Startups are also expected to take advantage of this. Birch AI automatically records healthcare-related calls; Viable uses it to sift through customer feedback; Fable Studio uses AI to create interactive stories; and on Elicit, people rely on AI tools to find their research questions from academic papers.
▲Midjourney uses a collage style
Big companies have their own way of playing. The IBM official said that the cornerstone model can analyze massive amounts of enterprise data and even find clues about consumption costs from sensor readings on the shop floor. The head of Accenture's artificial intelligence project predicts that "industrial cornerstone models" will soon emerge, providing more accurate analysis services for traditional customers such as banks and automakers.
Although the future is bright, and AI painting has also stimulated the enthusiasm of the public, many researchers still recommend "taking a step back". Some people believe that the big data that the big model relies on is not fully functional, and part of it is just "random repetition"; at the same time, some biased issues will cause the "illusion" of the model. Early last year, when GPT-3 answered the cloze question "Two XXX (religious people) walked in…", there was a higher than 60% probability of filling in "Muslim".
When reading the news of "Domo Painter" in the "Dimo Community", the homepage occasionally sees users sending indecent instructions to AI. CEO Lin Zehao told Aifaner that generally background keyword screening and manual screening will be carried out at the same time. , to ensure the healthy functioning of the community. AI painting tools such as Dall-E 2 are also facing the same predicament-the same fate as the previous Microsoft Xiaobing "mouth fragrant".
▲Woman and cat, which famous painter's style did this Midjourney use?
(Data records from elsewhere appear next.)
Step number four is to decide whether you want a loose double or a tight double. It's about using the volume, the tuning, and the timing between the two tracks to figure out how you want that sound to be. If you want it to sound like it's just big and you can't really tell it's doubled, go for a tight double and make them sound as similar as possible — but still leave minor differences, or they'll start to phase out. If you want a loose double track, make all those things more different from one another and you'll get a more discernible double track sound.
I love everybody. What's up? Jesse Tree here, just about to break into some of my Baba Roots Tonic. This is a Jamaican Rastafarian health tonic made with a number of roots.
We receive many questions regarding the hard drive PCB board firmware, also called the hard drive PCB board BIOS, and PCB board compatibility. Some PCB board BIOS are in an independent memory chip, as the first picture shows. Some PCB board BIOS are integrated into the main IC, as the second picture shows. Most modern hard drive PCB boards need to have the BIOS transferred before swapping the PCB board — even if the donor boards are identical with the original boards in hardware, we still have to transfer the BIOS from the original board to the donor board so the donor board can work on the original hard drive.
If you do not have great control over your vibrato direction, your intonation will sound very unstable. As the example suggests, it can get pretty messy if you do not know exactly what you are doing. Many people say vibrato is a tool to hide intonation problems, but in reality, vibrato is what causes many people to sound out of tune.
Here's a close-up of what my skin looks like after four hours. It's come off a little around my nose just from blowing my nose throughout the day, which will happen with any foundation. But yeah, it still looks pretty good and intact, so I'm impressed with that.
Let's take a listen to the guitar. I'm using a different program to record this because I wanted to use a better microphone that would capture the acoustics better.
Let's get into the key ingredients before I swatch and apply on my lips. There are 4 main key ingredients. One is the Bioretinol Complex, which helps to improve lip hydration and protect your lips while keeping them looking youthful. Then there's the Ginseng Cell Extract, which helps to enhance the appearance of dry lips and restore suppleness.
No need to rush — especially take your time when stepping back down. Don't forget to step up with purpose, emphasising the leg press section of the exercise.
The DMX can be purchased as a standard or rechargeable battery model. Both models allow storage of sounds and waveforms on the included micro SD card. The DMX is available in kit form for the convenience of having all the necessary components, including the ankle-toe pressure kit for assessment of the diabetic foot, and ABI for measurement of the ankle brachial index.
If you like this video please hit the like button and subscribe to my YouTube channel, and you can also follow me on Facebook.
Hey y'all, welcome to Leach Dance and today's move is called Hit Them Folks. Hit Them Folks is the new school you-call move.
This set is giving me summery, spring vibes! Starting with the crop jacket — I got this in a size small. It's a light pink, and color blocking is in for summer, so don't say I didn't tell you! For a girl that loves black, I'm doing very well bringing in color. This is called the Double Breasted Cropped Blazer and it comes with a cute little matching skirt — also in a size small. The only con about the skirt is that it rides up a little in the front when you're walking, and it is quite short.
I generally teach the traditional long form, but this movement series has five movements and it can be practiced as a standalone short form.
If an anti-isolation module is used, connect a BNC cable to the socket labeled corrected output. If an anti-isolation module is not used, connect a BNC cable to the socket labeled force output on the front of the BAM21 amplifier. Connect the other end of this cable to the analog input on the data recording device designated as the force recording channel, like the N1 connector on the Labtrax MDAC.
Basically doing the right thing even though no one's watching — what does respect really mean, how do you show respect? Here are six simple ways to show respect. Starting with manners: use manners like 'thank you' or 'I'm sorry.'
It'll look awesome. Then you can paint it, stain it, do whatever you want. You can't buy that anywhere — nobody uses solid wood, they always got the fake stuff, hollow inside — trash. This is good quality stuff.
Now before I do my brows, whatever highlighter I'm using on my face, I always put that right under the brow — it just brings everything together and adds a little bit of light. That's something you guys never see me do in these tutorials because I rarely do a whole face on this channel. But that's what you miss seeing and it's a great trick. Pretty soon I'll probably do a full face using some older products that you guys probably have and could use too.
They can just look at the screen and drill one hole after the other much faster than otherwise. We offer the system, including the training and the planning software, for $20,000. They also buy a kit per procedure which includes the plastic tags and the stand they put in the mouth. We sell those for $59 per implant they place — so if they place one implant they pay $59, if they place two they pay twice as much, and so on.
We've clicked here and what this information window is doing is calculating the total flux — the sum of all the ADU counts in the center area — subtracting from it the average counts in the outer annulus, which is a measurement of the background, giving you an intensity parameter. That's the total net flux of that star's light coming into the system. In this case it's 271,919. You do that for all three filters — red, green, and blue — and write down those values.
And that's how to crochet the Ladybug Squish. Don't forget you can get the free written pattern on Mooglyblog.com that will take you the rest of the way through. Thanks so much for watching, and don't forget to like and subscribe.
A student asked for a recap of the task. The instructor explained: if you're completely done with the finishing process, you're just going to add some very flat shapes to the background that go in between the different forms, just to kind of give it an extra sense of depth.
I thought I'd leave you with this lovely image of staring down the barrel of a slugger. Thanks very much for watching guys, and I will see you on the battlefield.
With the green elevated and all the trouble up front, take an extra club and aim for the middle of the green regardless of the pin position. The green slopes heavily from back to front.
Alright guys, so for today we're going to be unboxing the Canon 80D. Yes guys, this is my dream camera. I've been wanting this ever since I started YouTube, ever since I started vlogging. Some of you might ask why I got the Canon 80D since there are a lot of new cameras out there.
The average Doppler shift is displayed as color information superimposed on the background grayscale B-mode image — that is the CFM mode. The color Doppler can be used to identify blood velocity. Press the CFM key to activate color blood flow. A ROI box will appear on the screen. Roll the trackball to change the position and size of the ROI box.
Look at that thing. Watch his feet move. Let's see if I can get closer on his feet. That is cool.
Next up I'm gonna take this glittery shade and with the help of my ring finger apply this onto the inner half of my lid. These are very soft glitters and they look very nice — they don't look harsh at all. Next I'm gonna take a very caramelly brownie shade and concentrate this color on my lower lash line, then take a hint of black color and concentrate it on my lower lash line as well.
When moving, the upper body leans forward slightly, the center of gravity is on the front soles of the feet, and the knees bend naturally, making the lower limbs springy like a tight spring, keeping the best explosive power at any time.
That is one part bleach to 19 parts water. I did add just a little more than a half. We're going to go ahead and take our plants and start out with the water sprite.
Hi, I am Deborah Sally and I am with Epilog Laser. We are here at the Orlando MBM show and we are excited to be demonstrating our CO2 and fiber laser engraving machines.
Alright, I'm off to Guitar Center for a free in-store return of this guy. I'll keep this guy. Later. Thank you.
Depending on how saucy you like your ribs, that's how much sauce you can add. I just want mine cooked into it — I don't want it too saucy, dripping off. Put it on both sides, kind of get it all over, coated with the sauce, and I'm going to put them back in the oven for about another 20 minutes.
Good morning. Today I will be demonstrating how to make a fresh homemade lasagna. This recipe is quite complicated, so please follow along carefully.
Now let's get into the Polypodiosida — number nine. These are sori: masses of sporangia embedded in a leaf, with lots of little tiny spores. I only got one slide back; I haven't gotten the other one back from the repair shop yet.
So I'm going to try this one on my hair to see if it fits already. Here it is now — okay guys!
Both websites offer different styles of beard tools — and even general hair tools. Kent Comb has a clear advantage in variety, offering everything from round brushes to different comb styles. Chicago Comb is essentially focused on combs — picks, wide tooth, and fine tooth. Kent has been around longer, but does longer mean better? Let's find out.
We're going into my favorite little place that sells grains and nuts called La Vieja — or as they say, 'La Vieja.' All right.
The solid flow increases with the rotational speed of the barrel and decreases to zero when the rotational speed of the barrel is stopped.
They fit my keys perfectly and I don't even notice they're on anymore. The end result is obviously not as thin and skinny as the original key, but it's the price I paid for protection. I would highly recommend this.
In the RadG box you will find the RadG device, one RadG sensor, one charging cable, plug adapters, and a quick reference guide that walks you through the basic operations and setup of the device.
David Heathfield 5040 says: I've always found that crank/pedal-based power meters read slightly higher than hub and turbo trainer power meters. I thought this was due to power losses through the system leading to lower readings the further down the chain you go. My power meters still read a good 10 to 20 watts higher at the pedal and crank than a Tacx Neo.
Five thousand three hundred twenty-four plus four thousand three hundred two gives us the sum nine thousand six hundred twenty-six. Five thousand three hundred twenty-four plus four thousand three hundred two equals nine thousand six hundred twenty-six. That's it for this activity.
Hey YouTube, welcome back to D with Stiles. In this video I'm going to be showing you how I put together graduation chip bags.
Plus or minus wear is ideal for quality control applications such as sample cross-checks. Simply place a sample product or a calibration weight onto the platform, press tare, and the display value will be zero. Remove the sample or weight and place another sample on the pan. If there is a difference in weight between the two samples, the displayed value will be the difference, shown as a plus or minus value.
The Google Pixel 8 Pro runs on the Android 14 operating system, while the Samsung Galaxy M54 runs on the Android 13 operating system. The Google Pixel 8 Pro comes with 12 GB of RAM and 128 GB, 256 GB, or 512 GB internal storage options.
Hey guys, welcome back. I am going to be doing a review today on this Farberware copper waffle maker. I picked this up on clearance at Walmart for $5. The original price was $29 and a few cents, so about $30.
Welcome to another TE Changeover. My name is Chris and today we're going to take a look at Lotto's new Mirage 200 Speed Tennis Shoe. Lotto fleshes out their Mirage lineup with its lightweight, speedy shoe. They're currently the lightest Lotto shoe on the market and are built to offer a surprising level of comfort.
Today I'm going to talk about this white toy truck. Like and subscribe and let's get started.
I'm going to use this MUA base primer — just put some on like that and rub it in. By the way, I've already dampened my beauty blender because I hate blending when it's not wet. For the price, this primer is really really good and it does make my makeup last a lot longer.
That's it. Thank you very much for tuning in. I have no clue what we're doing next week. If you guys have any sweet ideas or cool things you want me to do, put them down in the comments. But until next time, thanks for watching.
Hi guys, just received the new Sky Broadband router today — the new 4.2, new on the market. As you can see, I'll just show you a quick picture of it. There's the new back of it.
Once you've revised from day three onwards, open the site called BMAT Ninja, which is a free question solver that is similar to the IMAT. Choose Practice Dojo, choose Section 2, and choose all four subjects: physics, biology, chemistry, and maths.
Please leave a message in the comment area, and you will be rewarded for correct answers
Erik Brynjolfsson, an economist at Stanford University, worries that a collective obsession with large models with human-like capabilities could easily lead society as a whole into a “Turing trap.” Computers have done a lot of things that humans couldn’t do, and now do what humans can do – better than humans, more people are losing their jobs, wealth and power will be more concentrated, and inequality will increase. big.
His concerns were justified. Large-scale models cost a lot of money, and ordinary people can't afford to invest in them. The supporters behind them are either technology giants or countries. The cornerstone model will become the basic platform for a series of services, and the platform also has a "Matthew effect": the winner takes all, even if not all, there is nothing left for others.
▲ Netizens use the pictures created by Midjourney, full of sci-fi style
Artists really love these "cool things". British composer Reeps One (Harry Yeff) feeds the model a metronome rhythm for hours, and the model learns to respond rhythmically to his voice. He predicts that "many artists will use this tool to do their work better".
As a reporter, I also really love the voice transcription application of iFLYTEK. In the past, compiling a two-hour recording of interviews with people was enough to cause a mentally healthy adult to collapse on the spot. Now you just need to wait for the software to produce a text document, you can't use it directly as a "conversation", but it's enough to watch it as a material.
Recently I've also been researching how to use GPT-3 to train my own writing model. Maybe next Thursday's "Near Future" column will be written by my AI.
#Welcome to pay attention to the official WeChat account of Aifaner: Aifaner (WeChat: ifanr), more exciting content will be brought to you as soon as possible.